%%
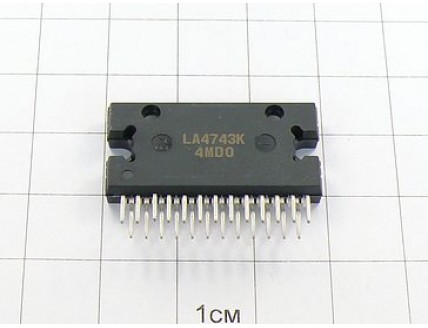 Микросхема LA4743K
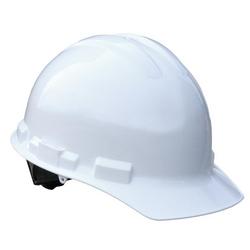 Plastic Hard Hat in White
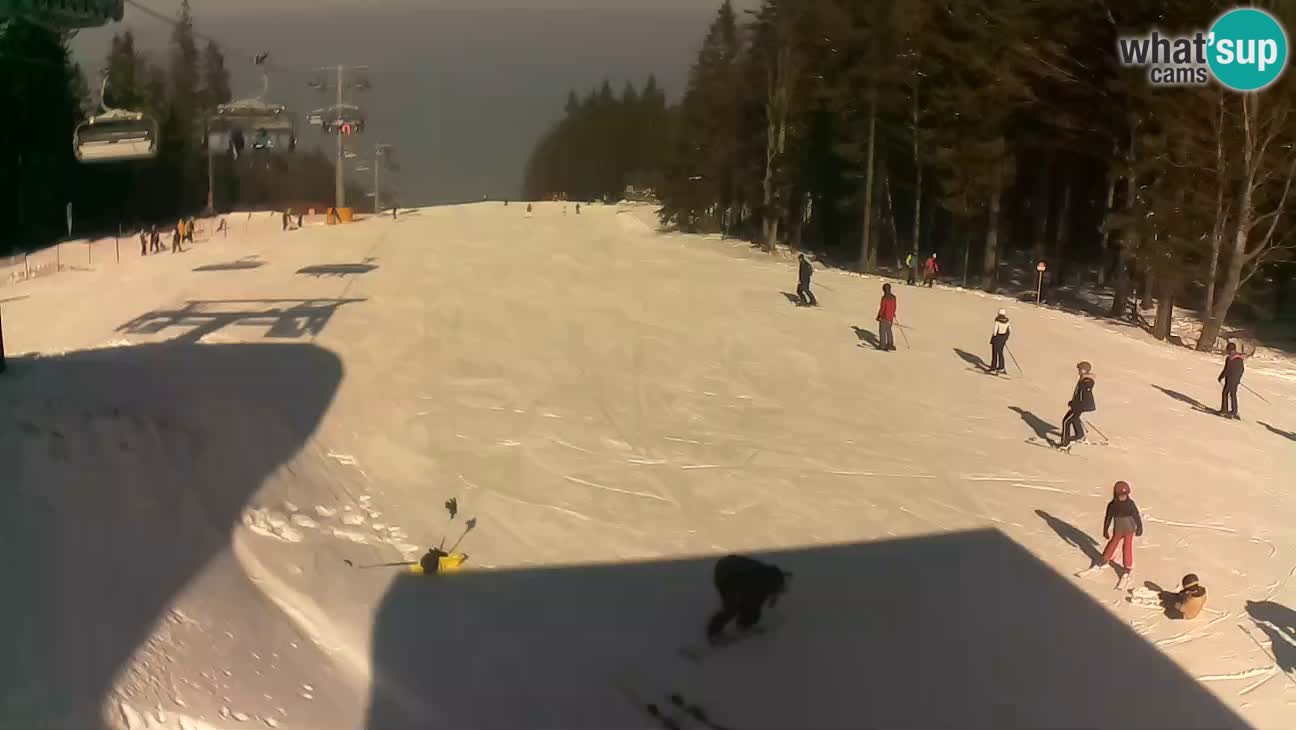 Maribor Pohorje Live webcam – Pisker – Slovenia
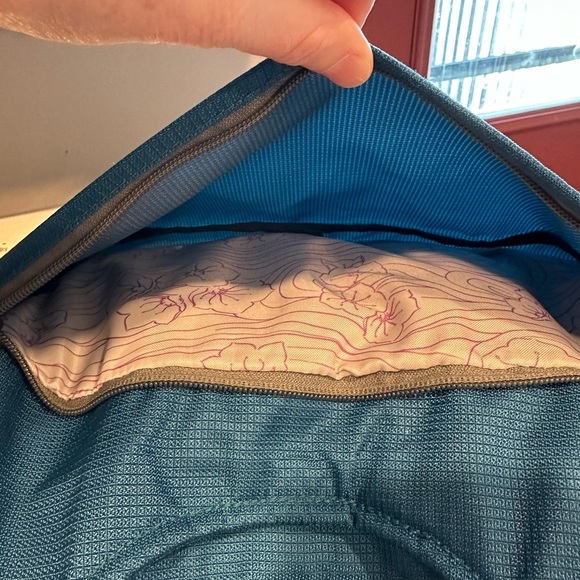 L. L. Bean Blue Picnic Tote - Picture 8 of 10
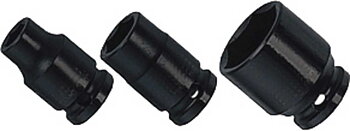 BATO Krafthylsa kort 3/8 tum x 11mm. 6kt.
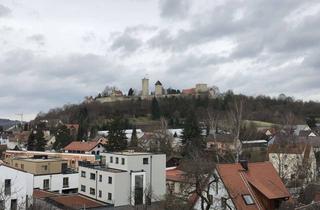 Wohnung mieten in Regensburger Straße 53, 93133 Burglengenfeld, Neue sehr schöne DG Wohnung mit tollen Ausblick Stadt nah!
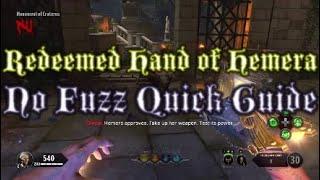 Ancient Evil No Fuzz Redeemed Hand of Hemera Upgrade Light Gauntlet Tutorial Guide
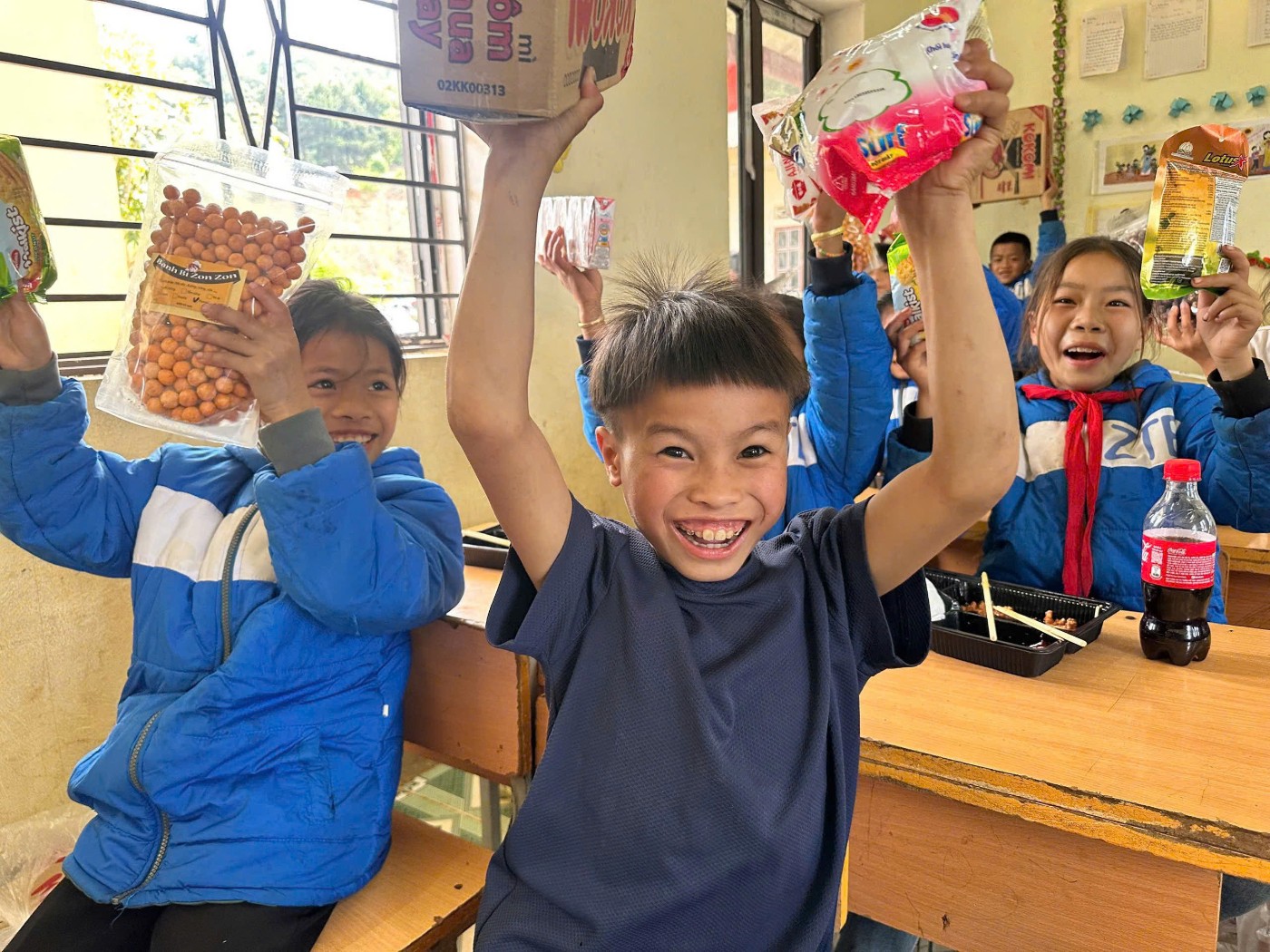 Hành trình thiện nguyện - Kết nối yêu thương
%%
## YOUR GOAL:
With pictures excluded, the lines running from the one containing "L. L. Bean Blue" through the last line of the records above are to be restated exactly and in full.

## FINISHED TASK:
 L. L. Bean Blue Picnic Tote - Picture 8 of 10
 BATO Krafthylsa kort 3/8 tum x 11mm. 6kt.
 Wohnung mieten in Regensburger Straße 53, 93133 Burglengenfeld, Neue sehr schöne DG Wohnung mit tollen Ausblick Stadt nah!
 Ancient Evil No Fuzz Redeemed Hand of Hemera Upgrade Light Gauntlet Tutorial Guide
 Hành trình thiện nguyện - Kết nối yêu thương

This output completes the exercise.